§ **Exercise instructions**
Print the records below exactly, and do not carry over any picture.

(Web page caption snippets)
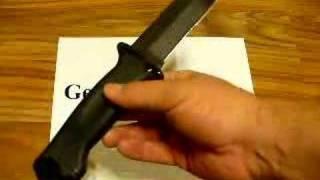 Gerber LMF II Knife 22-01629 Demonstration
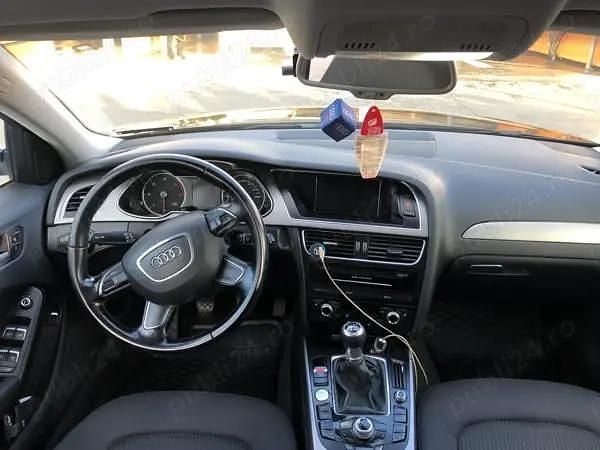 Second-hand Audi A4 120 CP (88 kW) 2014 Negru Berlinǎ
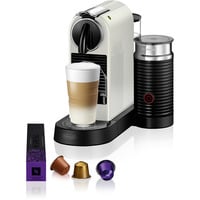 DeLonghi Nespresso Citiz EN 267.WAE, Kapselmaschine weiß/silber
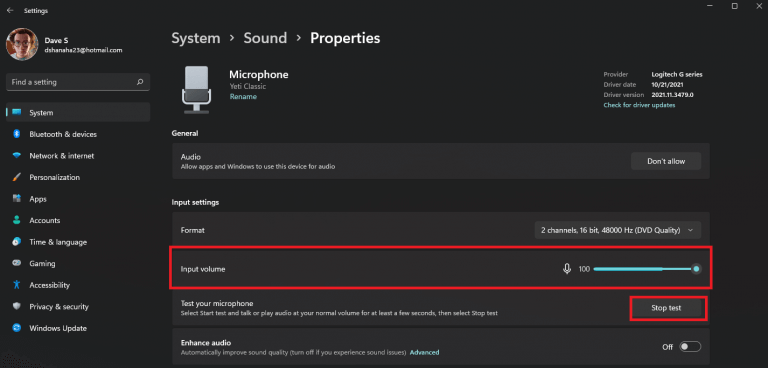 How to set up and test a new microphone on Windows 10 and 11 - OnMSFT.com - August 24, 2022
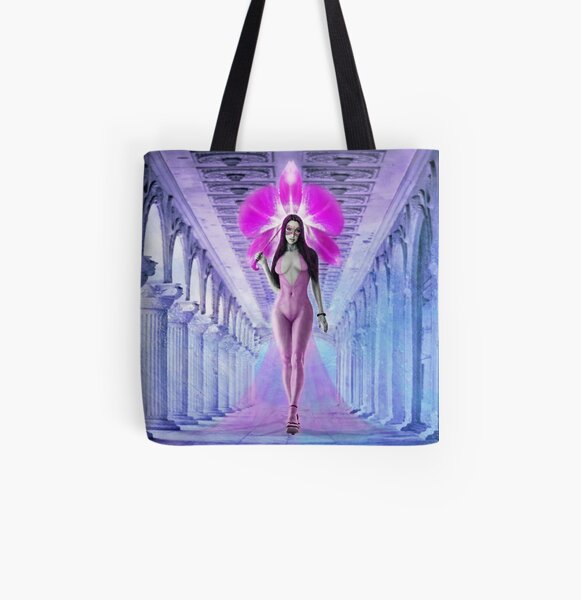 "I Will Give You My Heart" All Over Print Tote Bag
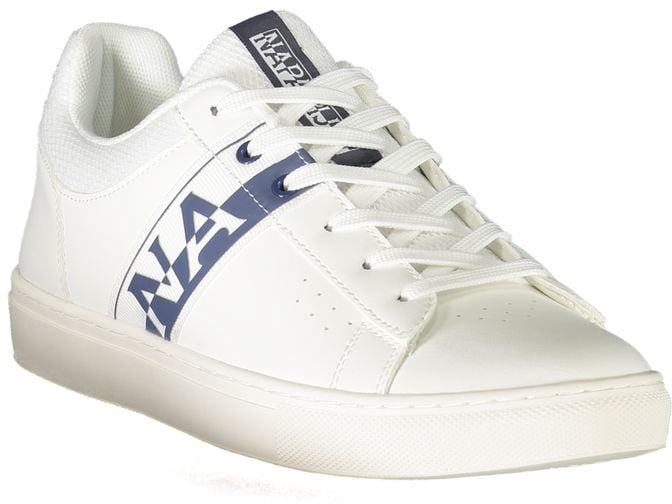 Napapijri White Leather Men's Sneaker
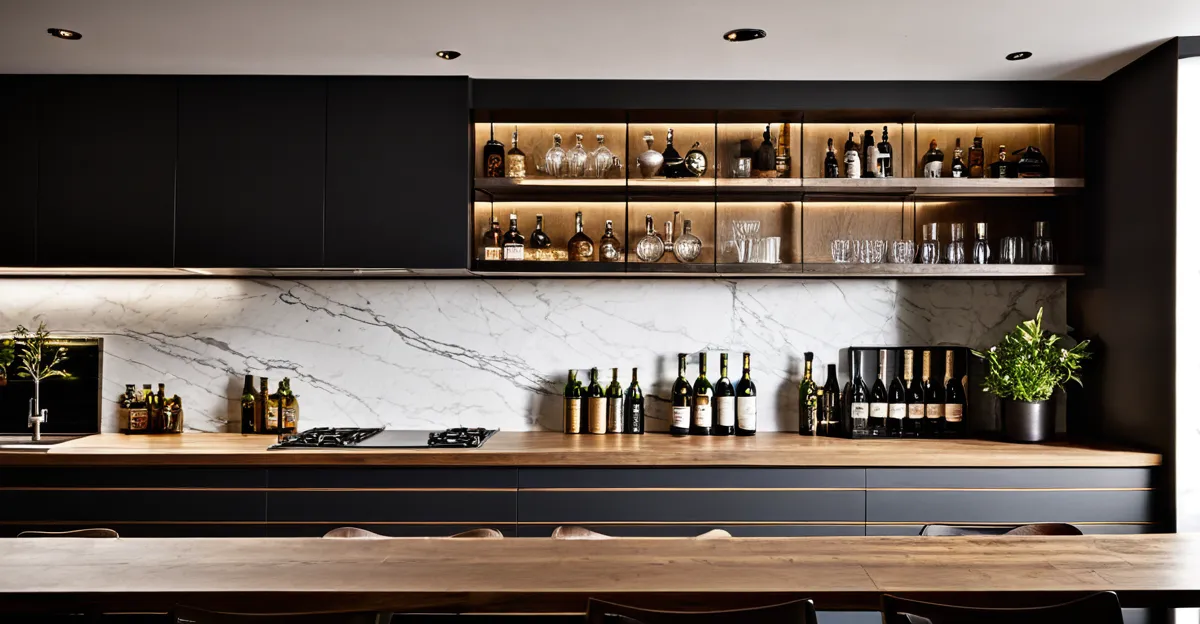 Top tips for crafting a uk-inspired kitchen bar design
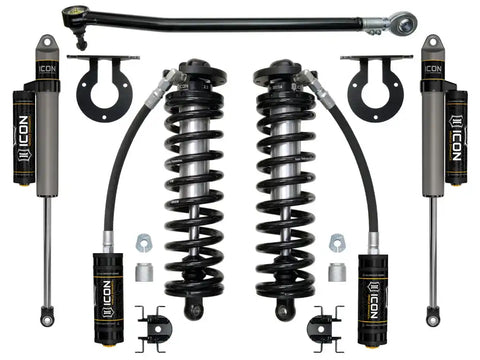 ICON Vehicle Dynamics FRDK_K63143 ICON 2017-2023 Ford F-250/F-350 Super Duty 4WD 2.5-3" Lift Stage 3 Coilover Conversion System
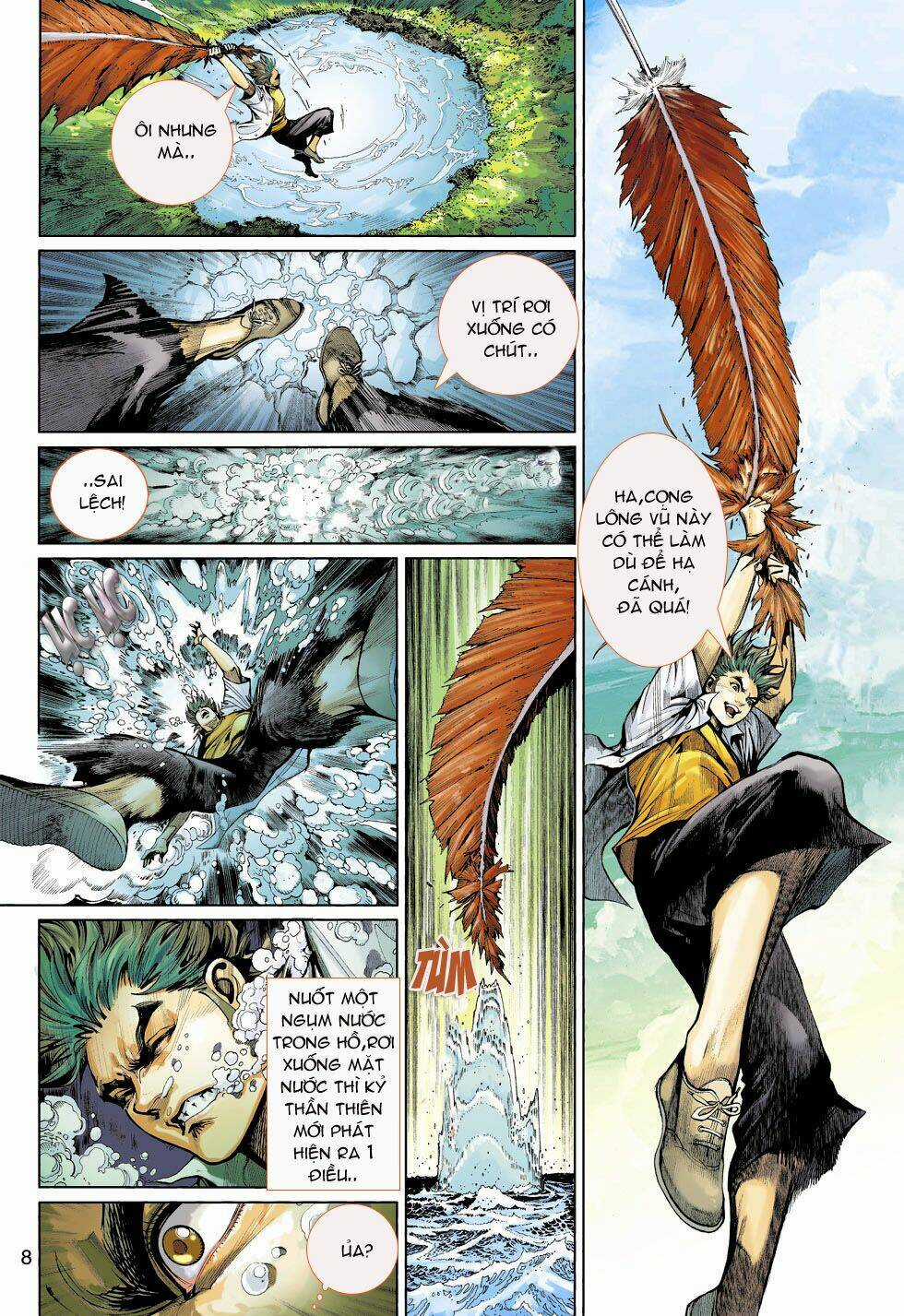 Thần Binh 4 Chapter 4 trang 7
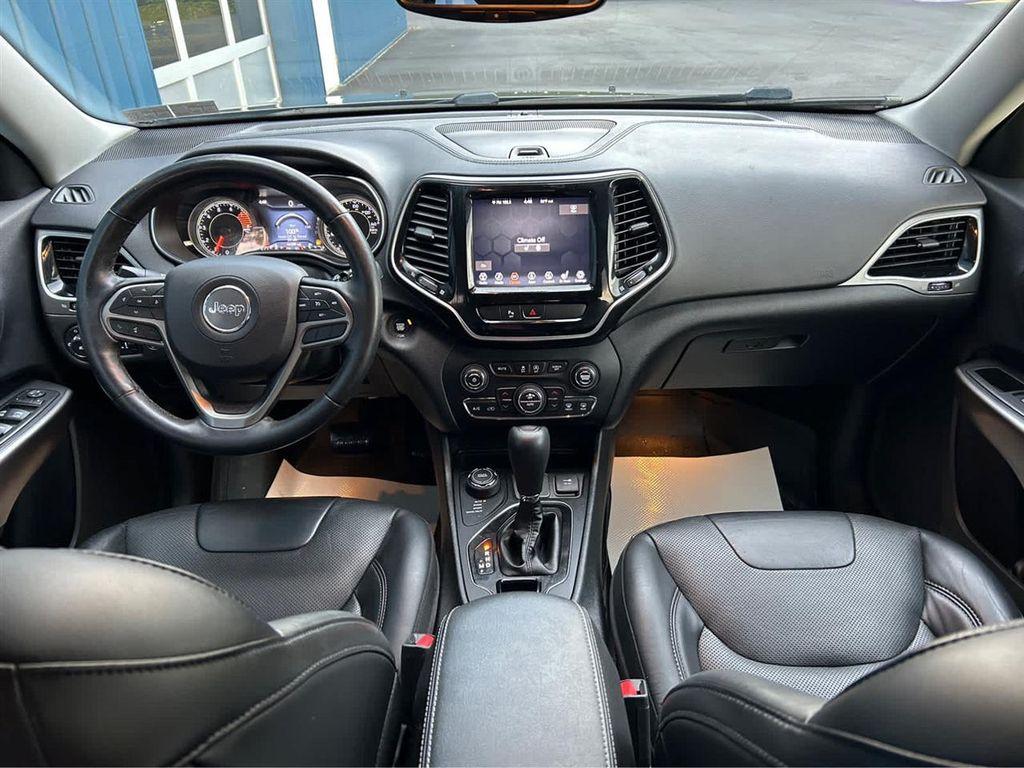used 2019 Jeep Cherokee car, priced at $18,788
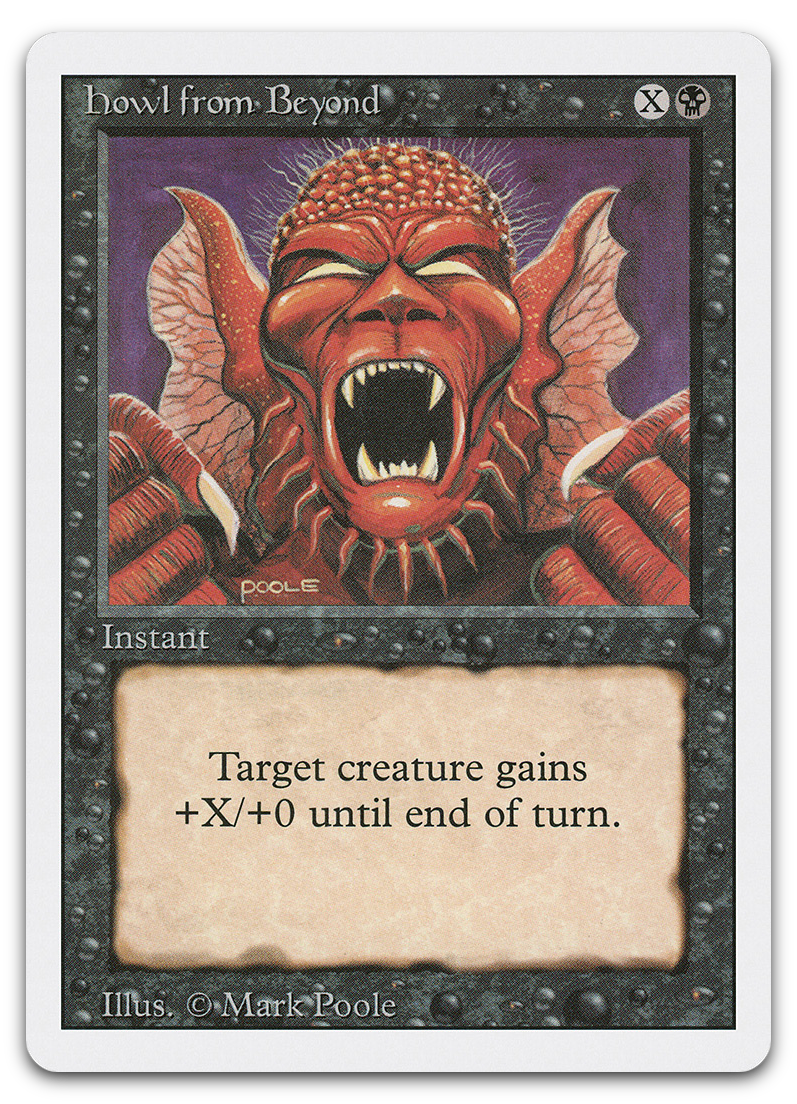 Howl from Beyond (Revised Edition)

§ **Result of this task**
 Gerber LMF II Knife 22-01629 Demonstration
 Second-hand Audi A4 120 CP (88 kW) 2014 Negru Berlinǎ
 DeLonghi Nespresso Citiz EN 267.WAE, Kapselmaschine weiß/silber
 How to set up and test a new microphone on Windows 10 and 11 - OnMSFT.com - August 24, 2022
 "I Will Give You My Heart" All Over Print Tote Bag
 Napapijri White Leather Men's Sneaker
 Top tips for crafting a uk-inspired kitchen bar design
 ICON Vehicle Dynamics FRDK_K63143 ICON 2017-2023 Ford F-250/F-350 Super Duty 4WD 2.5-3" Lift Stage 3 Coilover Conversion System
 Thần Binh 4 Chapter 4 trang 7
used 2019 Jeep Cherokee car, priced at $18,788
 Howl from Beyond (Revised Edition)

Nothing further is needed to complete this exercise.